**Your goal:** Please repeat, exactly as written, every line from the one containing "Arachnida Araneidea Pl" through the last line of the records, both included, and leave out any pictures.

**The data:**
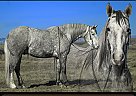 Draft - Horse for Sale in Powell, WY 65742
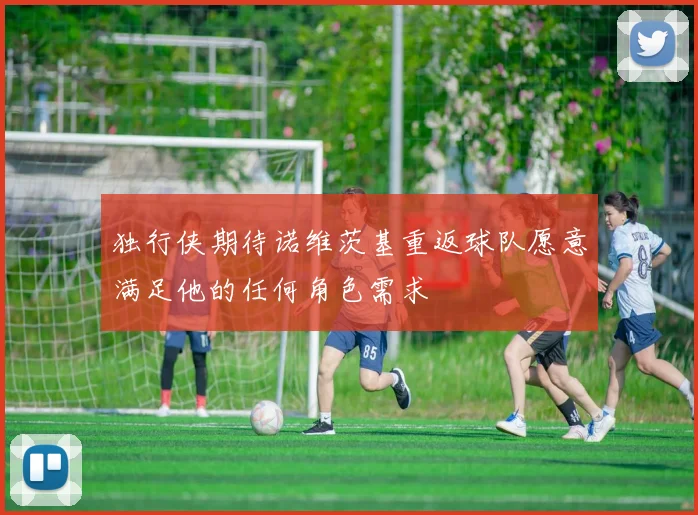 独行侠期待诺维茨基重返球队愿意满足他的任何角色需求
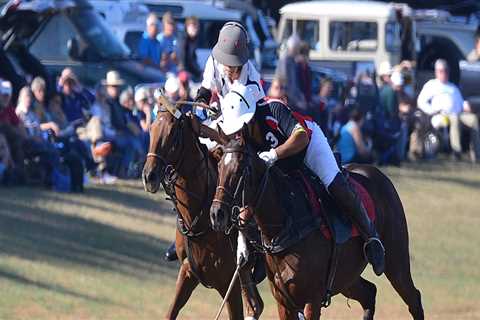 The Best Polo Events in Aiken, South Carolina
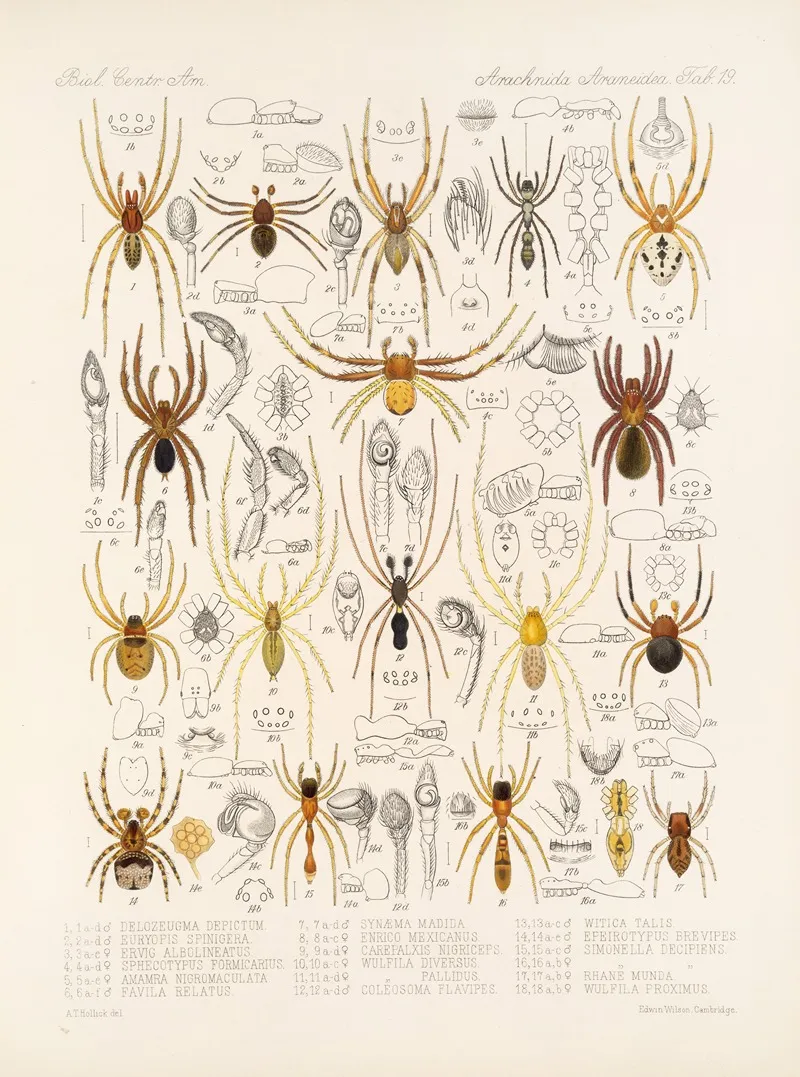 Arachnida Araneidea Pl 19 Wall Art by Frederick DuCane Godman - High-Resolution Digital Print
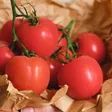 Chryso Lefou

**Answer space:**
 Arachnida Araneidea Pl 19 Wall Art by Frederick DuCane Godman - High-Resolution Digital Print
 Chryso Lefou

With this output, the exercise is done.